Mary Luella Trescott was born in 1861 to Miller Barton Trescott and Permelia Stevens. A very bright young woman, Mary had aspirations of practicing law, however, she realized that would not be possible in the NEPA of the 1870s and 1880s, so she moved to Poughkeepsie New York. After graduating from Eastman Business College, Mary began studying the law under attorney (and later US Representative) Henry Wilbur Palmer, who was a member of the bar in both New York and Pennsylvania. After graduating in 1893, Mary practiced law in New York for two years until October 14, 1895, when, with Palmer as her advocate, she became the first woman ever admitted to the bar in Luzerne County Pennsylvania. During her early years, showing how a woman didn’t fit in the bar systems of the time, she’s often listed on registers as “M.L. Trescott” rather than under her legal name.

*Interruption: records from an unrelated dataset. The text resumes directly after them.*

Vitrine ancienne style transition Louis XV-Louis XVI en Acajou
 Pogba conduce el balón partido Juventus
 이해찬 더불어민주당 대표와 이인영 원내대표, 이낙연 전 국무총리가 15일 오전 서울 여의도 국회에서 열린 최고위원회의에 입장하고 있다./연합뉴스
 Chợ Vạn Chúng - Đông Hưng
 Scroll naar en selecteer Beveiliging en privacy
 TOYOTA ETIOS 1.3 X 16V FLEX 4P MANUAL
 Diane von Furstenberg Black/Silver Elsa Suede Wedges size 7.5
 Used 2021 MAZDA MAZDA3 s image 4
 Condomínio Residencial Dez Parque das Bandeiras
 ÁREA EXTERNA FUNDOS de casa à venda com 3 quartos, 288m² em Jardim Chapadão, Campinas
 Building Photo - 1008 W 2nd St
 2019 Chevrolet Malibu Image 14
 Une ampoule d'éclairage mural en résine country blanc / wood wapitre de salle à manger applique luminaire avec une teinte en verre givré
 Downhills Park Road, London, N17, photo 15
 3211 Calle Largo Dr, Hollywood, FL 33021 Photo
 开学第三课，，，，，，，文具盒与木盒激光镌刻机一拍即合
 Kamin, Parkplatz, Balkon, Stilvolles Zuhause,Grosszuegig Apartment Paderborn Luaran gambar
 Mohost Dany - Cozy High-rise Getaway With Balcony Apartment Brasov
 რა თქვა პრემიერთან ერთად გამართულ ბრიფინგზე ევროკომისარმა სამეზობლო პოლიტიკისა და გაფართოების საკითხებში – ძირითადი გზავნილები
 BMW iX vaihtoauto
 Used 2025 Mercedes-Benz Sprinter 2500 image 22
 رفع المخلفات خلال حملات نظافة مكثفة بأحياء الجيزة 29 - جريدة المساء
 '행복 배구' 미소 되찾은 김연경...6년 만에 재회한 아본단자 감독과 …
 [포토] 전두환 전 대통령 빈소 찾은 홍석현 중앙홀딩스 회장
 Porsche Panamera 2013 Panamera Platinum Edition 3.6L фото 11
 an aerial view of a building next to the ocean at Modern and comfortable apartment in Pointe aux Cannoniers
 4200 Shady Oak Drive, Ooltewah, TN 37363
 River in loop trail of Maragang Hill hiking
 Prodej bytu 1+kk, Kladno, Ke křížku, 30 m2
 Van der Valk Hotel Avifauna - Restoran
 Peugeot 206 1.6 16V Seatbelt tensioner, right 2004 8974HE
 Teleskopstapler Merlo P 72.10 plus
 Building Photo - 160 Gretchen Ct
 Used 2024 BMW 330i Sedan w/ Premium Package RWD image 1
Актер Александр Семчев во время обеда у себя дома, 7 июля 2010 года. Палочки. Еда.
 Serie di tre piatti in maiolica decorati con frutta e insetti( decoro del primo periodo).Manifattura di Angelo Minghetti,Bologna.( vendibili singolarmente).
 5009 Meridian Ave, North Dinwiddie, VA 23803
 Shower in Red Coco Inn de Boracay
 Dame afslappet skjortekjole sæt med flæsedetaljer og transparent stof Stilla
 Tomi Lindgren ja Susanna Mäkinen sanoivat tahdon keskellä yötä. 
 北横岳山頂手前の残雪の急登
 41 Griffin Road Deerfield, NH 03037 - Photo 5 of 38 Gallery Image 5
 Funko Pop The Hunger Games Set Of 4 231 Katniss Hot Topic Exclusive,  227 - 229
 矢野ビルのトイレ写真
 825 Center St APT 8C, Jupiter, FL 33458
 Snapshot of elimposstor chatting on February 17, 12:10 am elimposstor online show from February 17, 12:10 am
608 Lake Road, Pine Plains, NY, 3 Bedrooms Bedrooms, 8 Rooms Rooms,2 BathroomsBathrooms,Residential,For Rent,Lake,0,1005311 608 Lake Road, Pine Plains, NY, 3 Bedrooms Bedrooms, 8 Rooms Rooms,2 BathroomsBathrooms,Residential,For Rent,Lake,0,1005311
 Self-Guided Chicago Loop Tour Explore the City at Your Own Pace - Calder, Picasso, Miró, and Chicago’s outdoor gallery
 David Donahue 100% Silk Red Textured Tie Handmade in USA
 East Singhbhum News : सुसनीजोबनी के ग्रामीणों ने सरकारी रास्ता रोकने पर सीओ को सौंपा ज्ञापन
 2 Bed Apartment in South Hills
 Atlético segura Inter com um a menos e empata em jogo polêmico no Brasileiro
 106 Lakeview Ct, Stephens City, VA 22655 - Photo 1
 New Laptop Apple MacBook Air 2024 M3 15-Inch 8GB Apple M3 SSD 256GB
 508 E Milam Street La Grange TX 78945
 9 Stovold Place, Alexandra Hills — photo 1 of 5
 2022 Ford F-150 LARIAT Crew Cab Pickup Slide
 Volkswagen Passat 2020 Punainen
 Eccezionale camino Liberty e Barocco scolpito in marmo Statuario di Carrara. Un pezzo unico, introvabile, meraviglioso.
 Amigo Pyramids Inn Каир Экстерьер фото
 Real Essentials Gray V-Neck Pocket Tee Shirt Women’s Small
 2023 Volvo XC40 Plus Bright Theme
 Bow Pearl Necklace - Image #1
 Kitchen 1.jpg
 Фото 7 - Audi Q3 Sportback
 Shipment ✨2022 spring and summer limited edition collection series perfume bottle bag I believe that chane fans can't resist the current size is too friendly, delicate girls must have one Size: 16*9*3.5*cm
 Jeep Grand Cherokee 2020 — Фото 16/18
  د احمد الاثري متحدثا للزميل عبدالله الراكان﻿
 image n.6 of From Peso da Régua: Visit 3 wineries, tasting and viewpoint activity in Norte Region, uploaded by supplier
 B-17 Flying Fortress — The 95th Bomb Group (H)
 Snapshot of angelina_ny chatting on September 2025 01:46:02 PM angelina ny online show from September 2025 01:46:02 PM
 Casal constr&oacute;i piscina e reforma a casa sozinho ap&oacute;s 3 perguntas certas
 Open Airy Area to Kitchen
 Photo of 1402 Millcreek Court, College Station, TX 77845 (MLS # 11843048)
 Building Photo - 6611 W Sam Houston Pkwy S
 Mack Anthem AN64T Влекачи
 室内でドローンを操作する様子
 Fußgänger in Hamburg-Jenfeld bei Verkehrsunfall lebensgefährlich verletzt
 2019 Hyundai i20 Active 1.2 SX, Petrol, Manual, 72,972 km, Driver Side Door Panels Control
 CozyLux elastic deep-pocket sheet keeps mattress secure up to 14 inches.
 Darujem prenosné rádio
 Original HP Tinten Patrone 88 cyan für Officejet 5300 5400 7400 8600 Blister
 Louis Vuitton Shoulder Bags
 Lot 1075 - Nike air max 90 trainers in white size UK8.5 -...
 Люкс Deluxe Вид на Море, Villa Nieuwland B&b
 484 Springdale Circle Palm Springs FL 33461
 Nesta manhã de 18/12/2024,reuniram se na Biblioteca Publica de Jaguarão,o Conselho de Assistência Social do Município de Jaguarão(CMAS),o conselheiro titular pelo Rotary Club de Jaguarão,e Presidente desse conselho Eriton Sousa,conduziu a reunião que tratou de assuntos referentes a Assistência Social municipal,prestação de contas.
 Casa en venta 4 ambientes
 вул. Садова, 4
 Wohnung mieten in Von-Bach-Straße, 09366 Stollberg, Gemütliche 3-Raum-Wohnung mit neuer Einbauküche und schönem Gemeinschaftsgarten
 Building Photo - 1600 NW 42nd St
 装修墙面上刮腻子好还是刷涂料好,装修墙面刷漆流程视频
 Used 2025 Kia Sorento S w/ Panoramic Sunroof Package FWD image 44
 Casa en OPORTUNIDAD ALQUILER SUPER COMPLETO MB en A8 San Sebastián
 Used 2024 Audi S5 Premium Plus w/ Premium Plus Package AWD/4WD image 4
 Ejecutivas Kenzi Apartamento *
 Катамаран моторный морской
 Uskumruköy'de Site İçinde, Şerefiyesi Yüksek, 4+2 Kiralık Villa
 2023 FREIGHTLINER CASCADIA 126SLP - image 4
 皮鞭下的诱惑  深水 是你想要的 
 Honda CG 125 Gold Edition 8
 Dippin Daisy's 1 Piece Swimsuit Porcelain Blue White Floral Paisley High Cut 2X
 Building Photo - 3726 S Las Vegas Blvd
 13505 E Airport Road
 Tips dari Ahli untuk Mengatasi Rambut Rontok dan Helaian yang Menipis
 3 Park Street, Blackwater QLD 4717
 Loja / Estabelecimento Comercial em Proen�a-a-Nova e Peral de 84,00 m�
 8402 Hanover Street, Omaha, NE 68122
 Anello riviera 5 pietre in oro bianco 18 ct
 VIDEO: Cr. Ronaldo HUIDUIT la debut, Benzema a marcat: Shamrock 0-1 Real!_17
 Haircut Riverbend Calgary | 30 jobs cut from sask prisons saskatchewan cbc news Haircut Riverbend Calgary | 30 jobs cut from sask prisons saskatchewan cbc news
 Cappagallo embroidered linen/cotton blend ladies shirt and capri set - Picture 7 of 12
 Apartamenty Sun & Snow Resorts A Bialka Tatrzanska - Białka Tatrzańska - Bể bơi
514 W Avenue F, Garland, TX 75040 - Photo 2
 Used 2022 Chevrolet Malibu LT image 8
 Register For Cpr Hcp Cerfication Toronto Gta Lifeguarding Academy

For years, Mary was an active attorney on the county bar, most notable for being the first woman to ever be involved in a case before the PA State Supreme Court in 1901, and for her actions involving the so-called “Hungarian Shanty” women. On October 28, 1894, a house known as the “Hungarian Shanty” was destroyed in a dynamite explosion, killing 3 and injuring 8 others. Arrests were made of five African American suspects in June 1895, including Hester Brace and Sarah Miller, wives of two of the male suspects. Trescott, however, was able to obtain their release under a writ of habeas corpus in 1897, after more than 3 years of incarceration. Otherwise, she was known to most county residents as the sole female photograph in the yearly county bar association publication, and for being the only county notary public for quite a while.
However, that all changed in 1930, with the passage of the 19th Amendment. Now, not only could women vote, but they could now (legally) run for office (Mary was one of a number of women who had made campaigns even prior to 1920). Trescott wasted no time, becoming the first woman ever on the ballot in the county by running for school board. While she dropped her campaign before the actual election, her name was still on the ballot, and she did become the first woman ever in county history to receive votes.
Later, upon actually being elected to the school board, she was not just the first woman member, but the first female officer (above right), and eventually its first woman president. While on the school board Trescott not only fought for better wages for teachers and for more readily available kindergarten for small children (her main campaign promise) but also joined with Ellen Webster Palmer, the wife of her mentor Henry Palmer, in forming the Boys Industrial Association, to fight child labor and get local children out of the mines into schools. The two became the two faces of the child labor fight in our area, with Palmer often providing the moral arguments against it and Trescott bringing the legal arguments.
Trescott would be appointed the first woman referee in US Bankruptcy Court and would tout this and her many other “firsts” in a newspaper ad for unsuccessful 1927 run for Judge. (below) And while she didn’t win, that campaign was one final “first” for Trescott, as she became the first woman ever to run for Judge in the Commonwealth of PA. Mary L. Trescott passed away in 1935, after seventy-four years of pretty much nonstop trailblazing.